Google Earth Engine: Earth Engine is a platform for scientific analysis and visualization of geospatial datasets. It hosts satellite imagery and stores it in a public data archive that includes historical earth images going back more than forty years. It also provides APIs and other tools to enable the analysis of large datasets.
Dublin Core Metadata Initiative (DCMI): Organization supporting innovation in metadata design and best practices across the metadata ecology. The element set for metadata curation includes 15 elements that covers the basic characteristics of any data set.
Datacite: DataCite is a non-profit organisation that provides DOIs for research data. The goal is to help the research community locate, identify, and cite research data. They support the creation and allocation of DOIs and accompanying metadata. Datacite also provides services that support the enhanced search and discovery of research content. Their metadata scheme covers different types of data and software.
CodeMeta: - CodeMeta contributors are creating a minimal metadata schema for science software and code, in JSON and XML. The goal of CodeMeta is to create a concept vocabulary that can be used to standardize the exchange of software metadata across repositories and organizations. CodeMeta started by comparing the software metadata used across multiple repositories, which resulted in the CodeMeta Metadata Crosswalk. That crosswalk was then used to generate a set of software metadata concepts, which were arranged into a JSON-LD context for serialization.
Instead of reinventing the wheel, we would like to use and adapt as much software and toolkits as possible, assuming it is open-source, updated and maintained.

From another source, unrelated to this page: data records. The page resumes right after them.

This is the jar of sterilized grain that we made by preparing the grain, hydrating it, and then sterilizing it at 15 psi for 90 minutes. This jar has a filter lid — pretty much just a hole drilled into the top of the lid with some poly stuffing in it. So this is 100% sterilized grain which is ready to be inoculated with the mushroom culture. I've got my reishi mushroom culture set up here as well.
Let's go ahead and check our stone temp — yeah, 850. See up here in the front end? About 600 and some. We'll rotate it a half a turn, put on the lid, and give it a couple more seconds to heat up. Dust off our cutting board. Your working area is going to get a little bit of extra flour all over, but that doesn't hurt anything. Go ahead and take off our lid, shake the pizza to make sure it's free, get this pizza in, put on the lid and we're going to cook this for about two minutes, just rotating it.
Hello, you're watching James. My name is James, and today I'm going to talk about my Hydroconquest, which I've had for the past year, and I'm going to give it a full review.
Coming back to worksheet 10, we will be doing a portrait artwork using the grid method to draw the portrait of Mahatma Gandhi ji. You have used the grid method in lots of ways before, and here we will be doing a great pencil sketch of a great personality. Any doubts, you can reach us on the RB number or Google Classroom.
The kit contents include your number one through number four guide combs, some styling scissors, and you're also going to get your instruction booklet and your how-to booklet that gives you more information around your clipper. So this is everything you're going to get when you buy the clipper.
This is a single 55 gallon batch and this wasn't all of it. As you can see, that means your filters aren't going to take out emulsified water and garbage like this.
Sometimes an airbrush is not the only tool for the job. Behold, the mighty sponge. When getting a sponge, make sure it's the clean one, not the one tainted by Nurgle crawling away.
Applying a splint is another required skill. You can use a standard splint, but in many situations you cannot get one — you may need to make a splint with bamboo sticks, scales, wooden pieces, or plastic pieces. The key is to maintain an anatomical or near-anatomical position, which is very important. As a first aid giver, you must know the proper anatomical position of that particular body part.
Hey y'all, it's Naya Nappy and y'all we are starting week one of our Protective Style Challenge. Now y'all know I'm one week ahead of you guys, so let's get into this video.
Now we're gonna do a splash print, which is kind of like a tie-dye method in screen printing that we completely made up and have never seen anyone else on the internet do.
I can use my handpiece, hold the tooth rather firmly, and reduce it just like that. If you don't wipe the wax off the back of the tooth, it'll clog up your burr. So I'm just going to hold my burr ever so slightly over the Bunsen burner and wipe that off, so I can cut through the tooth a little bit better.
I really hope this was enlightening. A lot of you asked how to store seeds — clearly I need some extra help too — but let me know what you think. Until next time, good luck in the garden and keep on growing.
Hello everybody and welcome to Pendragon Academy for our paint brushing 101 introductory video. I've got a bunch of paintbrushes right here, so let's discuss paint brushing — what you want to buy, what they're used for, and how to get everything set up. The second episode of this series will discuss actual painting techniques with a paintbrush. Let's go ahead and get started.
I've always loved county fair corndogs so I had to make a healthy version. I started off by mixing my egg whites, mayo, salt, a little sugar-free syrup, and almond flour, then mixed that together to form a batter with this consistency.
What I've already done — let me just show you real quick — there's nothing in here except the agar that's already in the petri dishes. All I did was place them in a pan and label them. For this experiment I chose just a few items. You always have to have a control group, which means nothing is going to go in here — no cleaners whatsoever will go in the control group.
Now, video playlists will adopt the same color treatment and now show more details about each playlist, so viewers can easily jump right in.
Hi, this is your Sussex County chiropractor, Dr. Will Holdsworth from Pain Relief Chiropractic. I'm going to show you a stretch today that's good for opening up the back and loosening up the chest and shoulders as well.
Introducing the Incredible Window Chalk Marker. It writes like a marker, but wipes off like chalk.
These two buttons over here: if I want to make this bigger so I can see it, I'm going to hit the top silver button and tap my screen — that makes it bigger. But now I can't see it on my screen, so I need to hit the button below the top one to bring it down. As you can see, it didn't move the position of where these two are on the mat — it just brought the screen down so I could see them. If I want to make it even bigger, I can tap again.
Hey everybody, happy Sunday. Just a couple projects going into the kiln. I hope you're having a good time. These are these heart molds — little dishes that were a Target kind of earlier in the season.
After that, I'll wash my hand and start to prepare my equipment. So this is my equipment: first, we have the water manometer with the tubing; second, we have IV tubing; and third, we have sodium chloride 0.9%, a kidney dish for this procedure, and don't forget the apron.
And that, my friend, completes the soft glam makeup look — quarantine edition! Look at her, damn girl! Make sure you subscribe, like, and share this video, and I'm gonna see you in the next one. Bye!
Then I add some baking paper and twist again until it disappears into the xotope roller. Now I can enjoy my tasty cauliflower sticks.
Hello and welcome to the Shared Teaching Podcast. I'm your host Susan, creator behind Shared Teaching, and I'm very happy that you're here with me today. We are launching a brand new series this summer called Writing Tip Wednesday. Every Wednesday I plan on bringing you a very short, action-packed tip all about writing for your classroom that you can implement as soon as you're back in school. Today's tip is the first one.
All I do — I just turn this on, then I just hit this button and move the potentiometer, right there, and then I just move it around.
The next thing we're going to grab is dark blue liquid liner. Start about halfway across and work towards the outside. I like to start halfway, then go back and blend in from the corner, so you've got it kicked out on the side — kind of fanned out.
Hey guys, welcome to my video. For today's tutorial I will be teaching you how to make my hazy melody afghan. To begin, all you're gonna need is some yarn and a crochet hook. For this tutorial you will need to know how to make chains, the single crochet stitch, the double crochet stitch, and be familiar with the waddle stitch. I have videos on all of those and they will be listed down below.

OpenDA: Software that allows a fast and effective integration of observations and models through data assimilation. OpenDA is a generic environment for data assimilation tasks like parameter calibration and measurement filtering. It provides a platform that allows an easy interchange of algorithms and models.
AMUSE/OMUSE: Software framework for multi-physics/multi-scale simulations. AMUSE/OMUSE provides an homogeneous environment to interface with existing numerical simulation codes. AMUSE was developed for astrophysical applications, while its offshoot OMUSE was developed for the oceanographic domain. They share a common framework code base.
OpenMI: An open modeling interface, originally developed to facilitate the simulation of interacting environmental processes. Now used to exchange between models and software components. Can be applied to linking any combination of models, databases and analytical and visualisation tools. The interface is not maintained anymore/expired.
Renku: A scalable & secure open software platform designed to foster multidisciplinary data (science) collaboration. The platform uses Python-based command-line interface (CLI) and Python API. Renku records the commands into a CWL to allow for reproducible analysis. Still in very early beta version.
SILK: The Linked Data Integration Framework. Open source framework for integrating heterogeneous data sources. Use cases include generating links between datasets, linking data sources, and applying simple data transformations to structured data sources. It can be used to create linked water-related datasets, to enrich datasets with additional information and/or descriptions of terms. Basically can be used as a source for metadata about water-related data sets.
Cylc: A workflow engine for cycling systems. It orchestrates distributed suites of interdependent cycling tasks that may continue on indefinitely.
DART: Data assimilation toolkit
DAPPER: Data assimilation toolkit in python
EMPIRE: Data assimilation toolkit
WHIST: WHIST is a tool from SMHI to extract and repurpose information to create input files for hydrological models, including the Hype Model, from different types of databases. WHIST is the core tool when setting up a hydrological model for new geographical domains or changing model resolution. From the information of topographic databases, for example, WHIST can delineate the sub-basins, and the linking (routing) between them.
Delft Flood Early Warning System (Delft-FEWS): Expert software to build hydrological forecasting systems. Originally, it was developed as a flood forecasting and warning system, recently it resulted into an open data handling platform. Delft-FEWS is composed by several modules, which allows to build a hydrological forecasting system customizable to the requirements of specific organizations.
FUSE: Framework for Understanding Structural Errors (R package), dedicated for hydrological modelling.
HydroMAD: Hydrological Model Assessment and Development (R package). A modelling framework for environmental hydrology: water balance accounting and flow routing in spatially aggregated catchments. It supports simulation, estimation, assessment and visualisation of flow response to time series of rainfall and other drivers. Github link.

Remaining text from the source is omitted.